Digiday writes about this “smarter formula” that has resulted in a 160 percent ad revenue increase for the company over the past six months.

The “open marketplace ad-buying” is bad enough – as it relies on third-party cookies – the tiny, invasive bits of data left on a user’s device to identify and track it in the future. And while first-party cookies are lodged into a user’s hard drive by the actual site they visit – the third party variety comes from other domains, often used for tracking and ad serving, and represents a serious problem to privacy and security of users.

In a world increasingly aware of this fact – and of browsers increasingly eager to accommodate their users’ worries in this regard, the likes of LadBible have decided to target first-party cookies instead.

They are rarely blocked because they are often seen as essential for browsing the internet.

The “volatility” of the digital ad market, where Apple’s Safari – and Mozilla’s Firefox – are moving to ban or limit ad-oriented third-party cookies – “plus tighter scrutiny from data protection regulators” – all meant LadBible had to find ways to “diversify.”

The company did it by coming up with “a first-party data management platform,” according to DigiDay.

It works by allowing LadBible to monitor users as they click on one of its articles from another platform, including by telling the company what that platform was, and when the action occurred.

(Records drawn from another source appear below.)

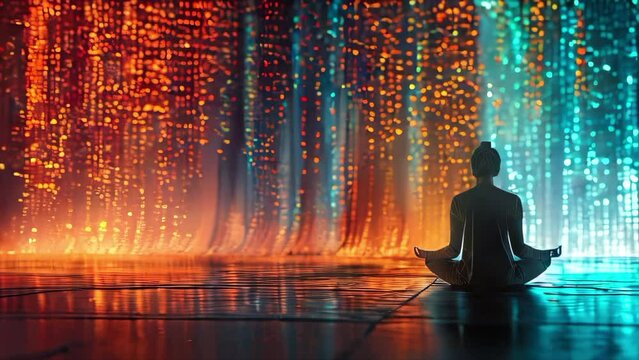 A person is sitting meditating in a room with a data waterfall in the background. The room is illuminated with colorful lights, creating a serene and calming atmosphere. The person appears to be in a 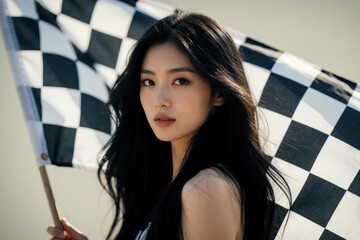 Fototapeta premium Young asian woman holds checkered flag. She is near race track or finish line. Outdoors setting, daytime, bright light. Motorsport or competition theme.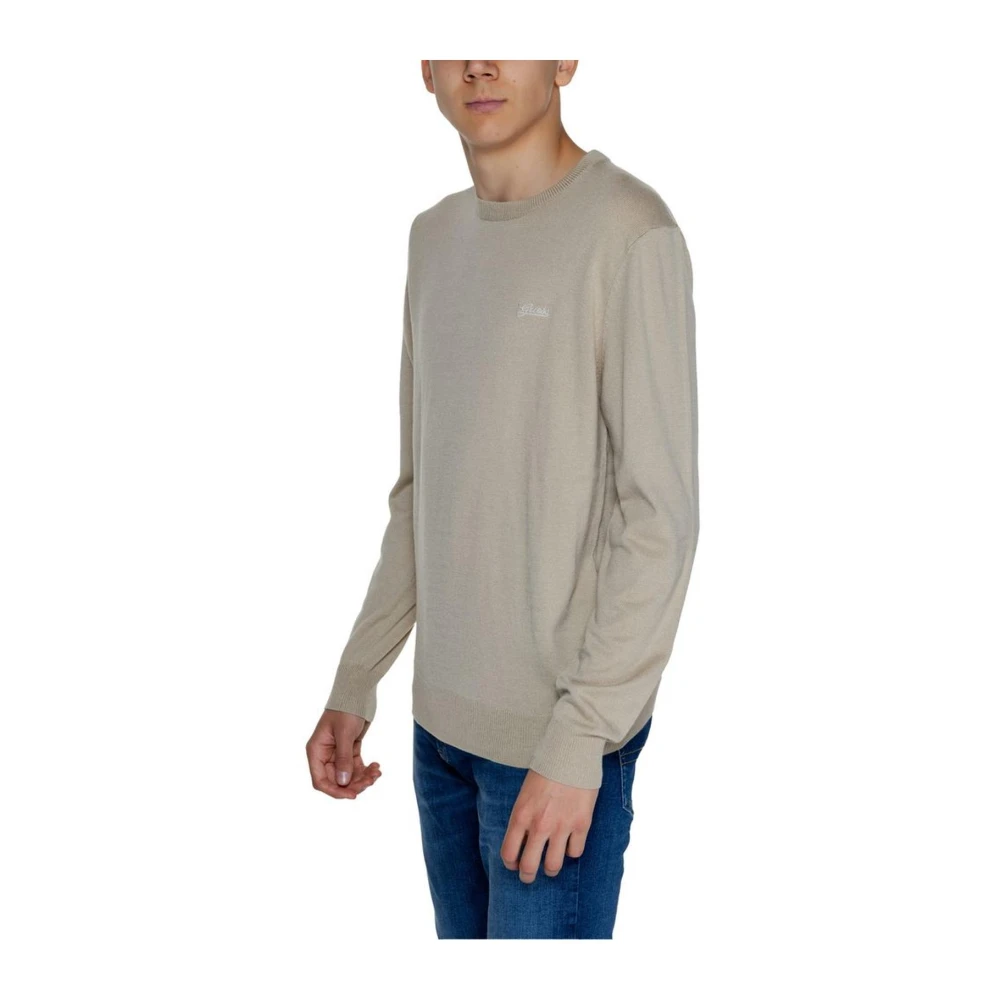 Guess Zijde en wol blend trui Beige Heren
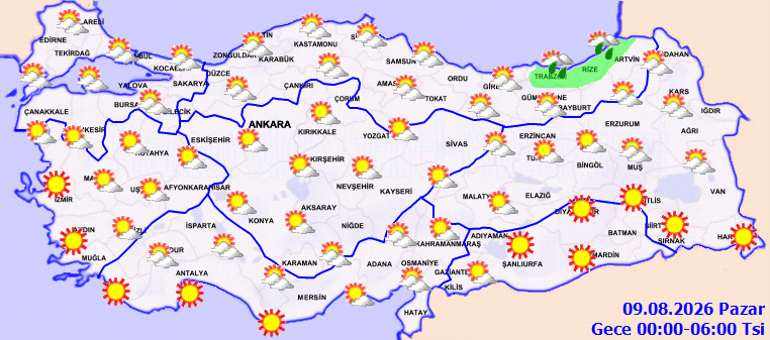 Son dakika hava durumu tahminleri il il | Bugün (9 Ağustos) hava nasıl olacak Pazar günü İstanbulda yağmur var mı Meteorolojiden İstanbul ve birçok ile uyarı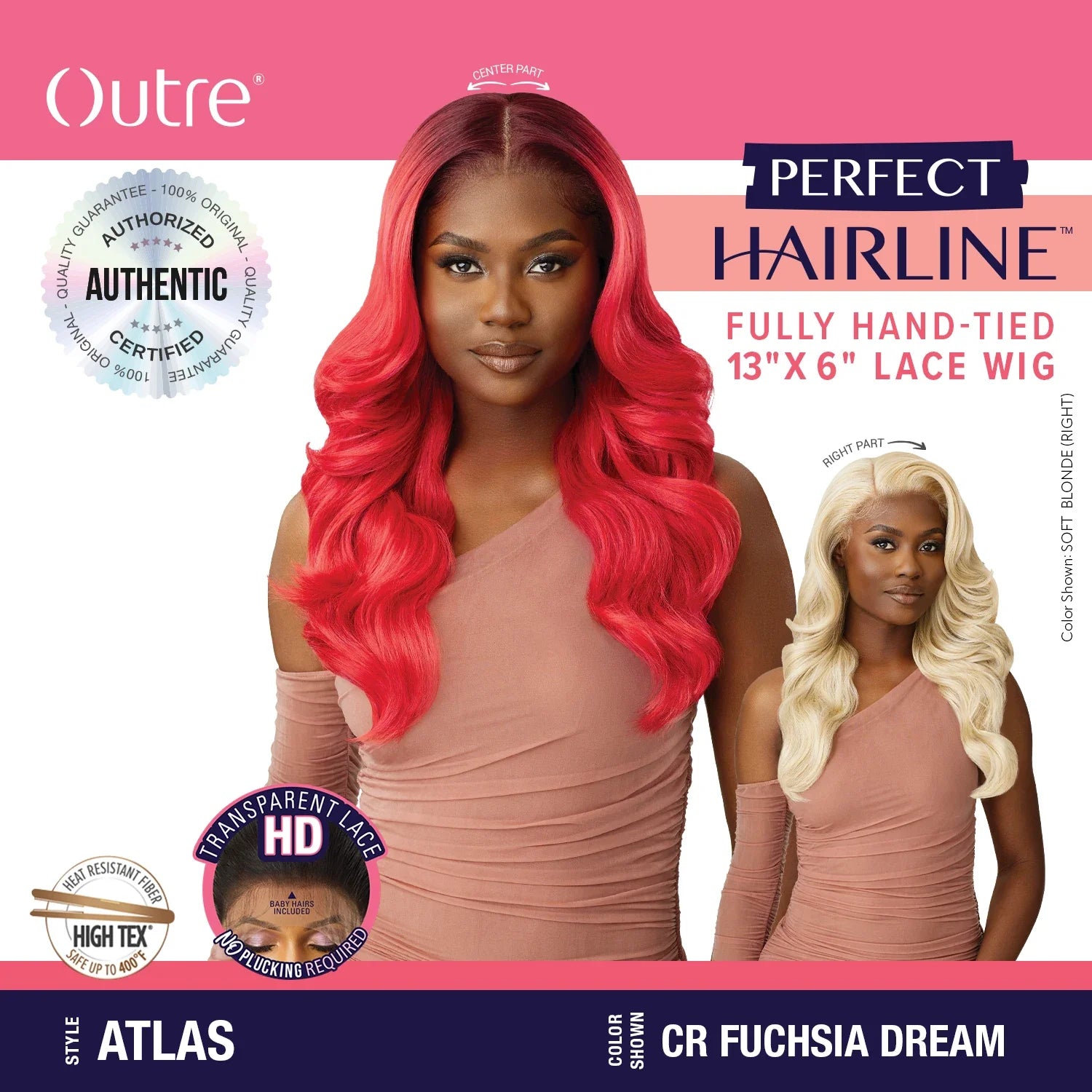 Outre Perfect Hairline Glueless Fully Hand-Tied 13X6 Lace Wig Atlas – Long Body Wave. Pre-Plucked, Natural Look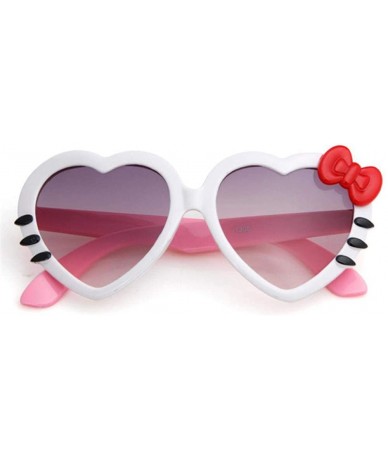 Aviator 2019 Fashion Summer Cartoon Cute Heart Bow Cat Sunglasses Glasses Pink - Red - CY18YKUMX2C $17.52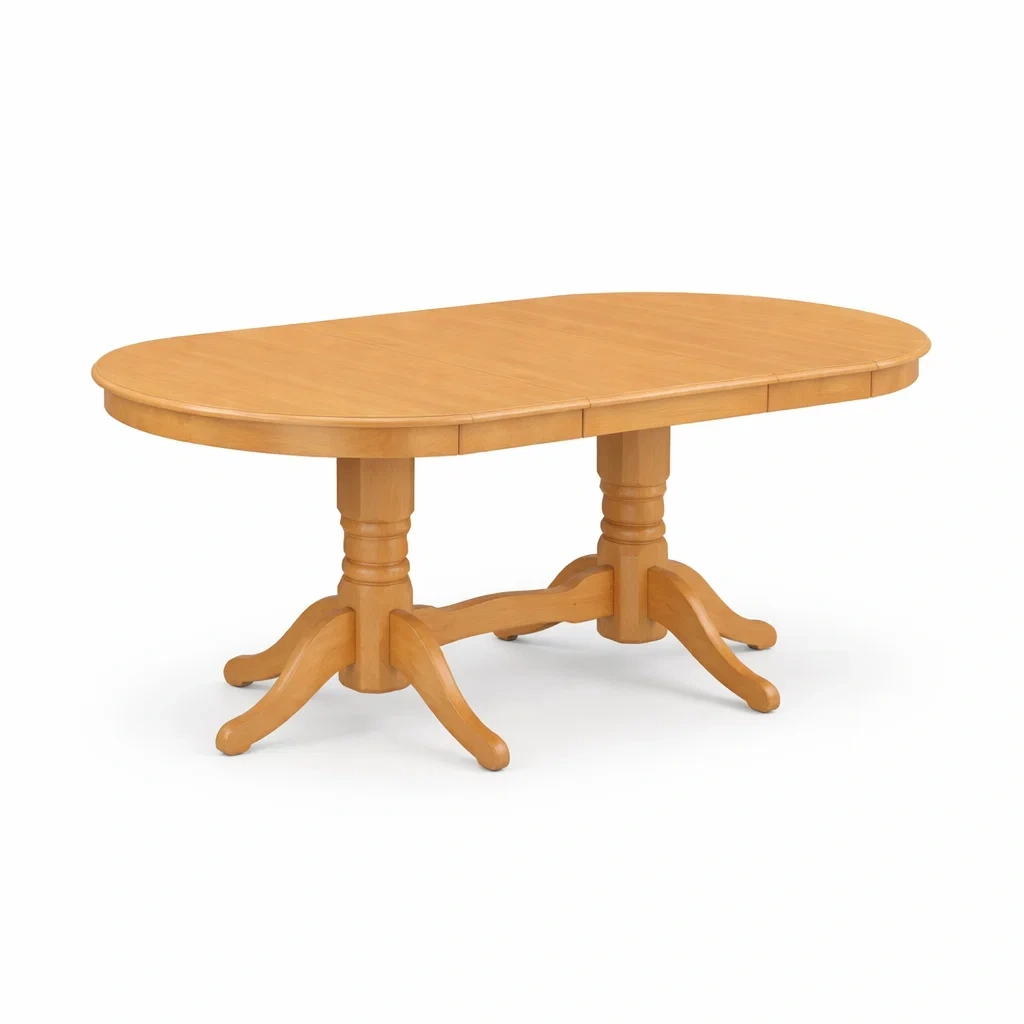 Tavolo da pranzo in legno massello marrone chiaro-CHICLIVINGVIBES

“It also stores who they (users) are, and when they return,” the article said, and explained:

“The publisher can start to piece together a profile on them that’s contextual-based and includes individuals’ purchase intent, so they can offer more interest-based segments as well as track which people are interested in what content in order to send them a related ad within seconds while they’re still on the page.”

All this has helped the company start earning much more than the previous figure of up to one billion per month. that came from ad impressions reliant on the open exchange.

Now, LadBible can show customers hungry for “evidence of sophisticated audience-targeting capabilities” that it is in possession of “the granular data on who (its) readers are to convince agencies to spend more with them.”